La première, grande œuvre musicale de J.S. Bach à l’origine composée pour clavecin :
La seconde, les péripéties animées de Greg et Wirt, demi-frères perdus dans une forêt enchantée (“Forêt de l’Inconnu”).
Dans cette dernière, immanquablement inspirée de la musique de Bach, on trouve 10 épisode. Dans la première, ce sont 30 variations. Autant de paysages à explorer…
Forêt de l’Inconnu et pièce connue
Greg (protagoniste de OTGW) et Vikingur Olafsson : deux hommes qui bravent la complexité de leur milieu (l’un égaré dans une forêt malfaisante, l’autre chargé d’une partition rude et sophistiquée) avec beaucoup d’enthousiasme. Une apparence simple (sans fioritures, un jeu d’une grande rigueur et précision), presque innocente, qui fait paradoxe avec une force et un talent à toute épreuve.
Forêt de notes
L’épreuve en question ce soir : à défaut d’une malédiction à conjurer ou d’une bête maléfique à vaincre dans des sous-bois obscurs, c’est aux célèbres Variations Goldberg que s’attaque le virtuose islandais. Avec calme et douceur, il distord le temps et plonge rapidement le public dans un confortable univers onirique.
Si la légende raconte que les Variations Goldberg ont été écrites par Bach pour guérir les insomnies du comte Hermann von Keyserlingk, c’est en tous cas ici un pari réussi pour le pianiste qui parvient à bercer toute une salle pourtant effervescente à l’idée de l’écouter.
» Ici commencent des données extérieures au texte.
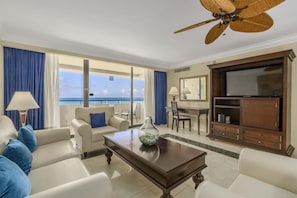 A hotel room with a balcony, a television, a dining table, and a sofa. - Barceló Aruba - All Inclusive (Noord)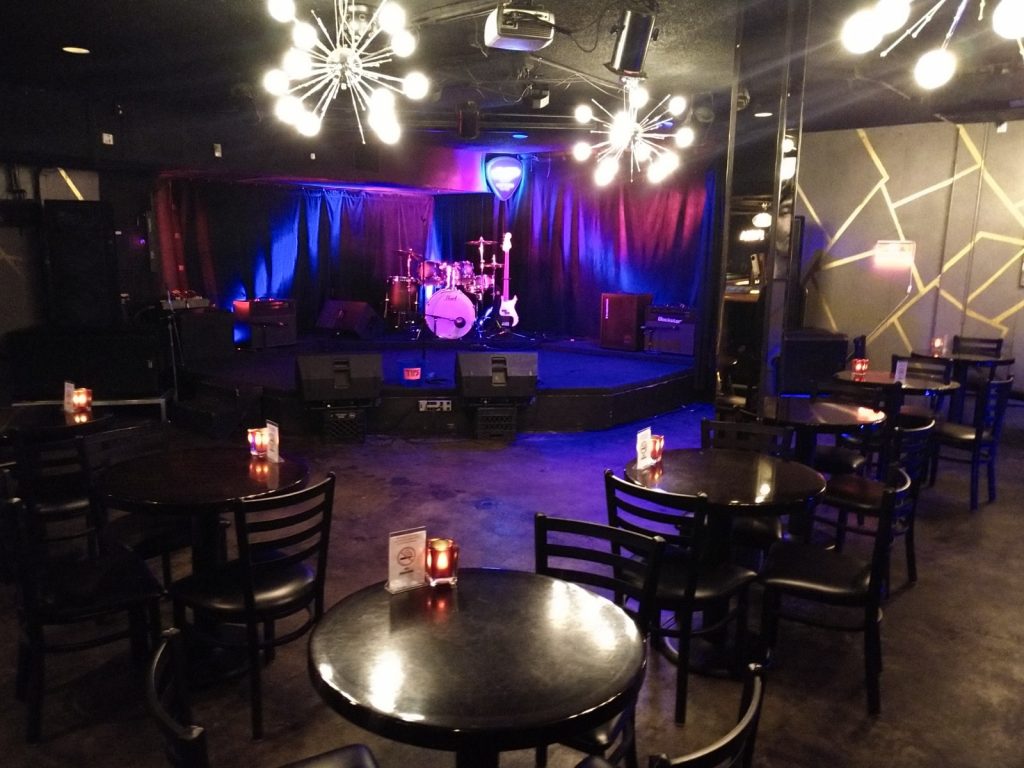 Sand Dollar Lounge stage and tables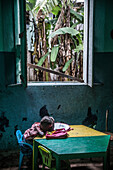 Little local girl resting her head on a table in a poor area, Sao Tome, Sao Tome and Principe, Africa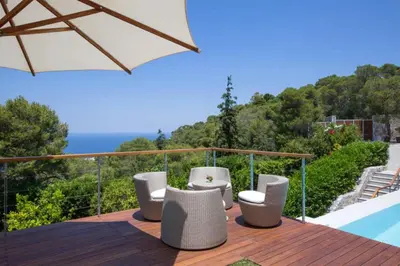 a deck with chairs and an umbrella next to a pool at VILLA TERRA CRETA Luxury Retreat and Spa in Chania Town
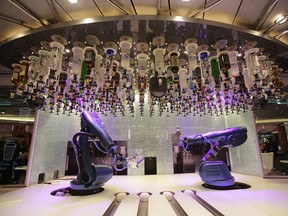 Robot bartenders wait for a customer onboard the cruise ship Quantum of the Seas.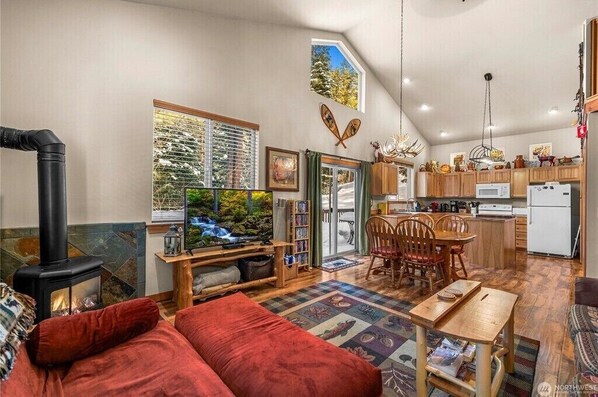 View of main living area. Dining area blends seamlessly with game and TV area.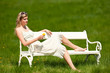 Young woman in white dress holding dandelion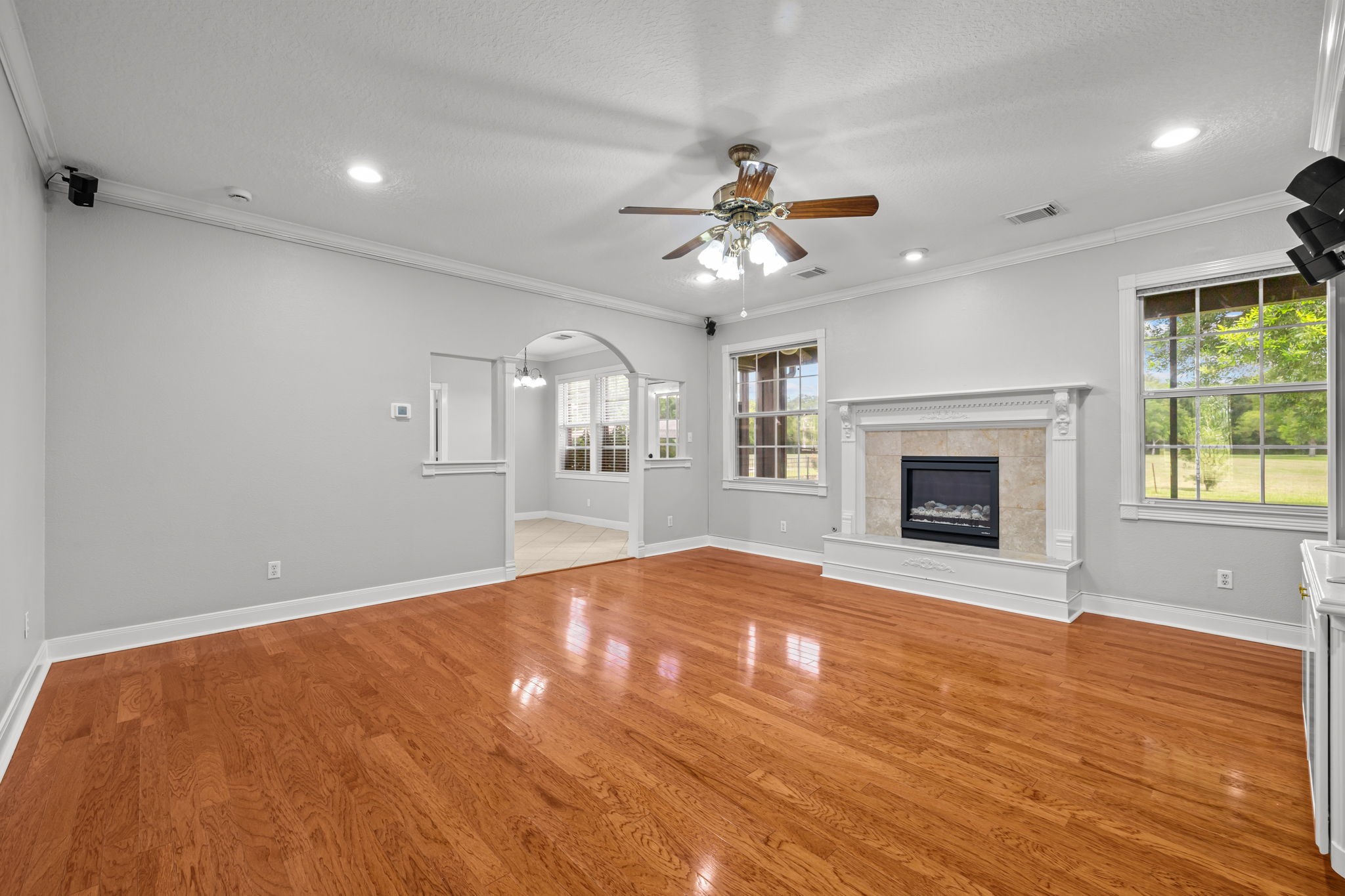 6410 Old Chocolate Bayou Road Manvel, TX 77578 - Photo 13 of 49 Living room features a charming
fireplace, perfect for relaxation
and gatherings.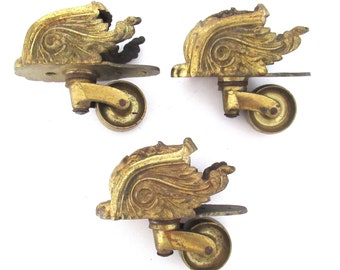 Antique ornate caster wheels. #8A4G7D0K2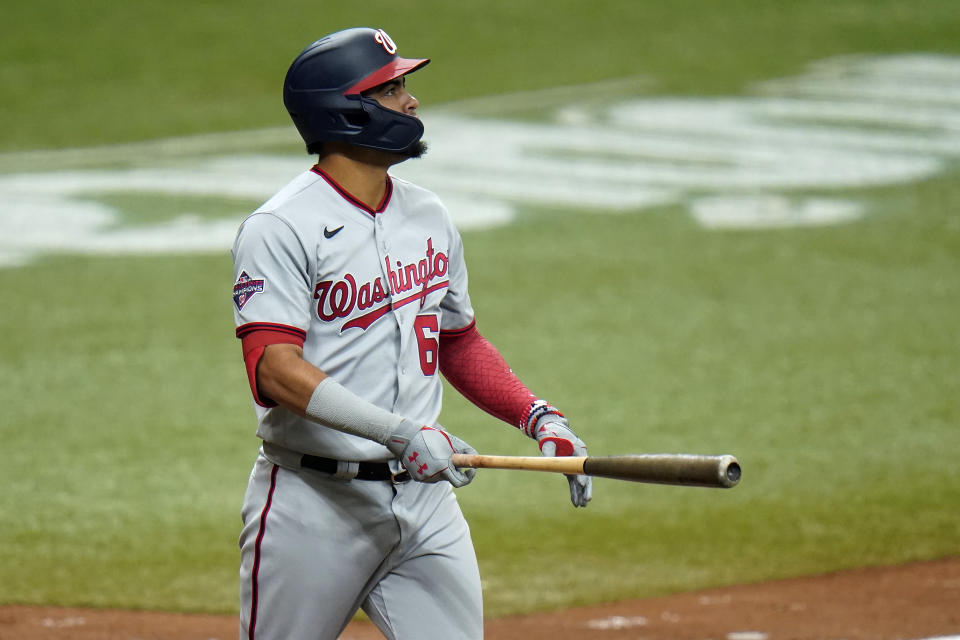 Washington Nationals' Luis Garcia (62) watches his two-run home run off Tampa Bay Rays relief pitcher Nick Anderson during the 10th inning of a baseball game Wednesday, Sept. 16, 2020, in St. Petersburg, Fla. (AP Photo/Chris O'Meara)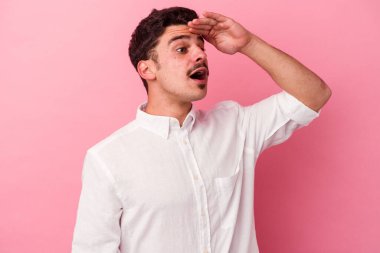Pembe arka planda izole edilmiş genç beyaz adam uzaklara bakıyor ve elini alnına koyuyor..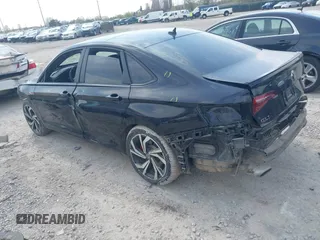 2023 Volkswagen Jetta GLI Autobahn z VIN 3VW2T7BU2PM054137, wystawiony jako IAAI lot #42029063 z przebiegiem 17 456 mil mil oraz . Historia ofert i sprzedaży dostępna na DreamBid. Obrazek 3.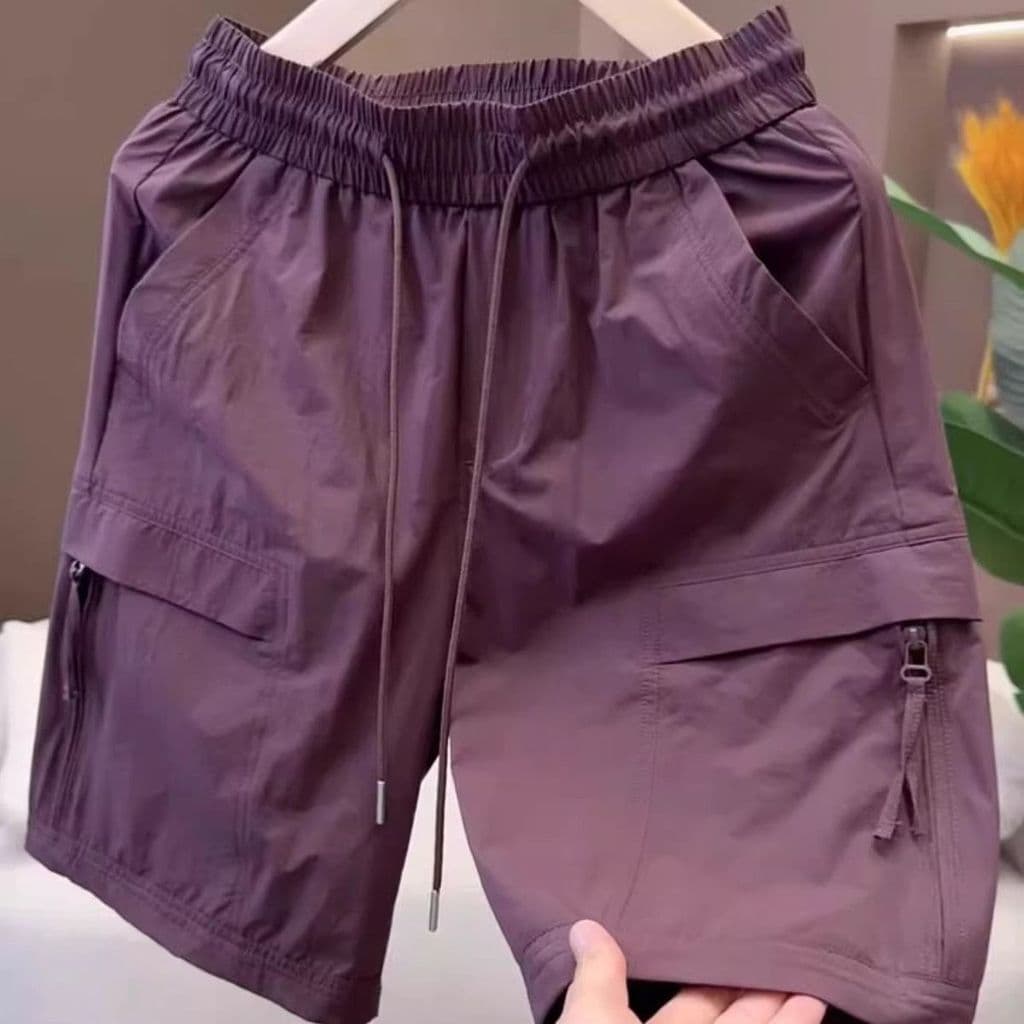 2026 Influencer Shorts Masculinos Verão Novo Estilo Moda Casual Tendência All-Match Multi-Bolso Shorts Masculinos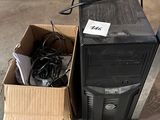 a computer sitting in a box next to a box of wires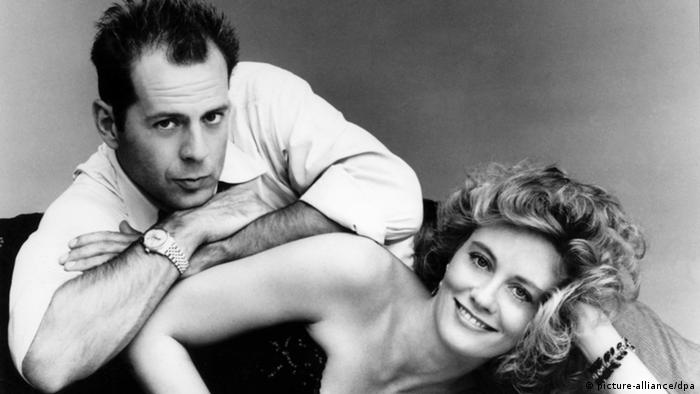 Bruce Willis & Cybill Shepherd, man leans on smiling woman who is lying on her side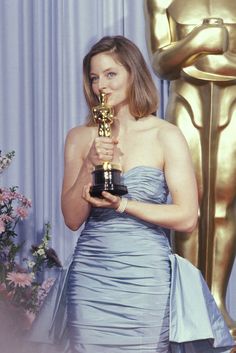 a woman holding an oscar award in front of a backdrop with flowers and a statue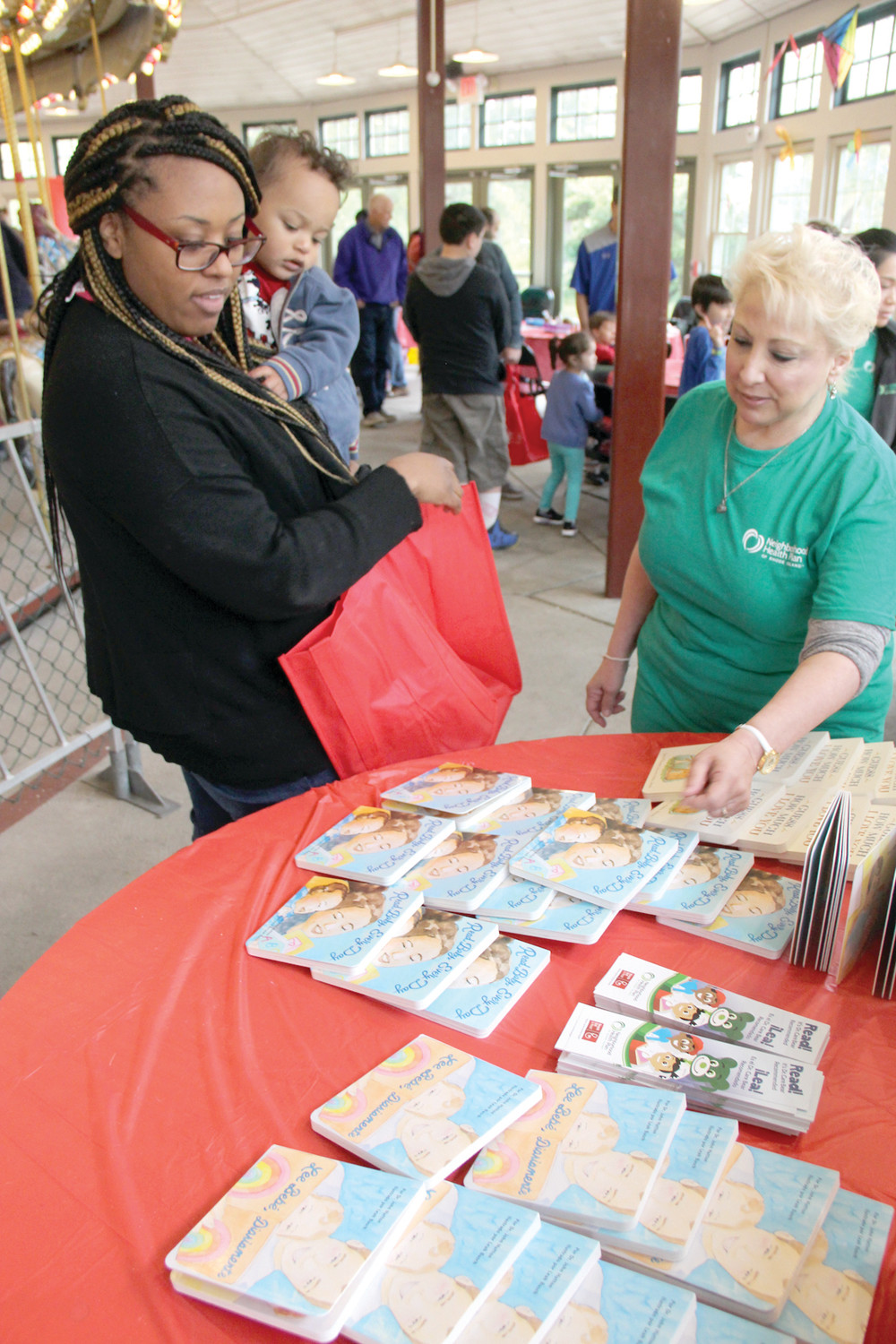 ALL ABOUT READING AND BOOKS: People were encouraged to take children’s books at the event as long as they would be reading them to children.
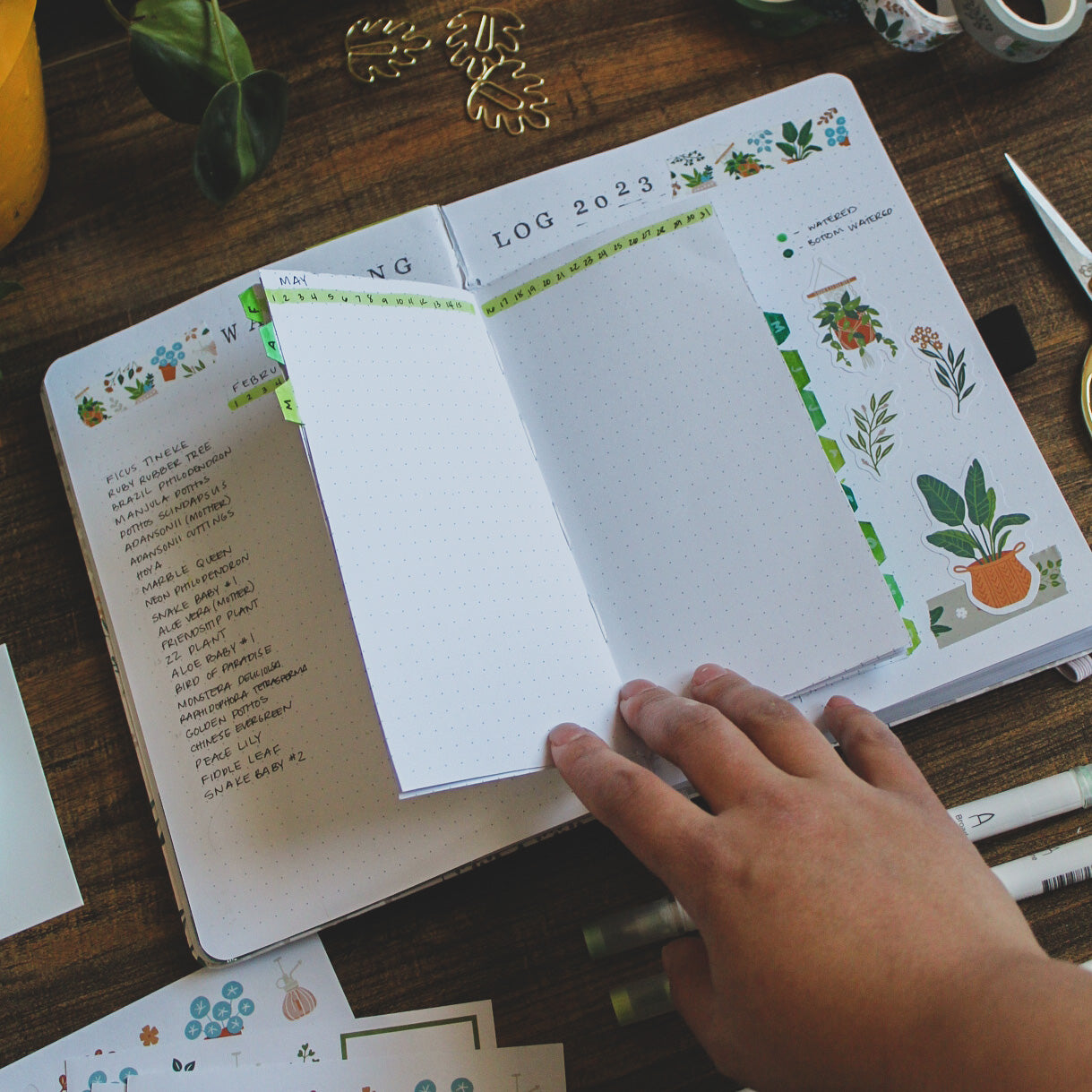 A dot grid journal lying open on a wood desk surrounded by journaling supplies. The pages are filled with a watering log spread for plant care made with dutch doors and other decorative elements.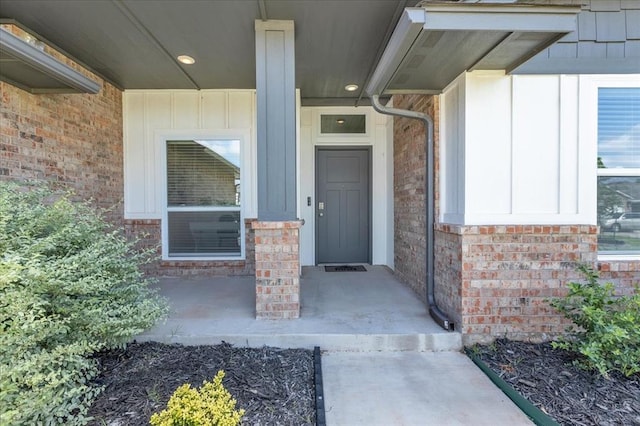 1108 Blackjack Creek Dr, Yukon, OK 73099 - view of exterior entry featuring board and batten siding, brick siding, and covered porch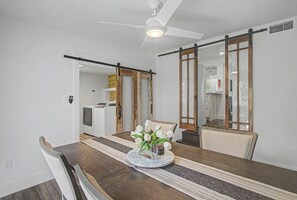 Ein Essbereich mit Holztisch, Stühlen, einer Blumenvase, einem Deckenventilator und einer Schiebetür zum Küchenbereich.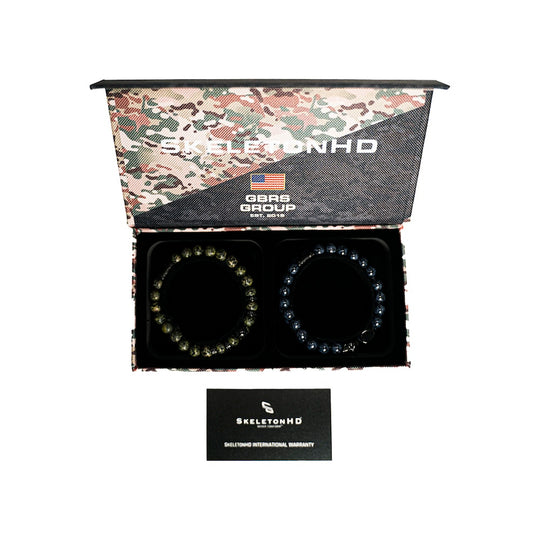 An open camouflage-patterned gift box containing two beaded bracelets on a black insert, with a small black SkeletonHD warranty card below. The box lid shows the brand name and 'Made in USA' text.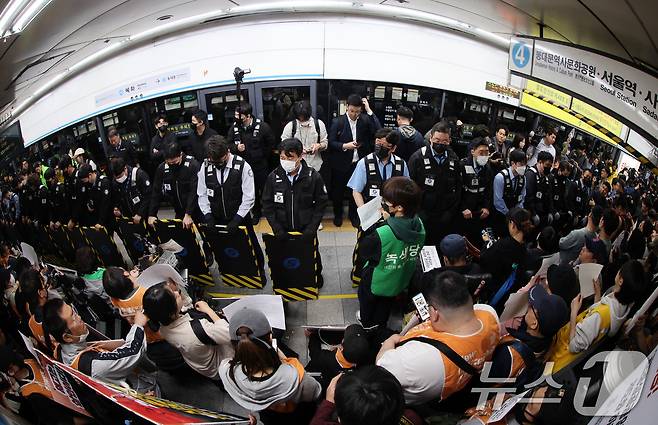 21일 서울 지하철 4호선 혜화역 동대문 방면 승강장에서 열린 제62차 '출근길 지하철 탑니다' 시위에서 전국장애인차별철폐연대(전장연) 회원들이 경찰·서울교통공사 직원 등과 대치하고 있다.2025.4.21/뉴스1 ⓒ News1 이동해 기자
Trilles légères, airs de sarabandes, croisement de mains agiles, transitions planantes, boucle qui se boucle avec la reprise de l’aria initiale, c’est une véritable aventure que nous conte Olafsson avec passion à travers une partition qui peut sonner très littérale. Poignet solide et doigté ancré, la rigueur du jeu n’enlève rien à sa grande sensibilité et la sobriété du pianiste nous permet même d’oublier l’espace d’un instant la notoriété de l’oeuvre, pour ainsi se concentrer sur son essence, sa richesse, et tout ce qu’elle anime.
L’histoire avant d’aller au lit, celle qui file toujours trop vite, soldée par la standing ovation d’une salle remplie et comblée.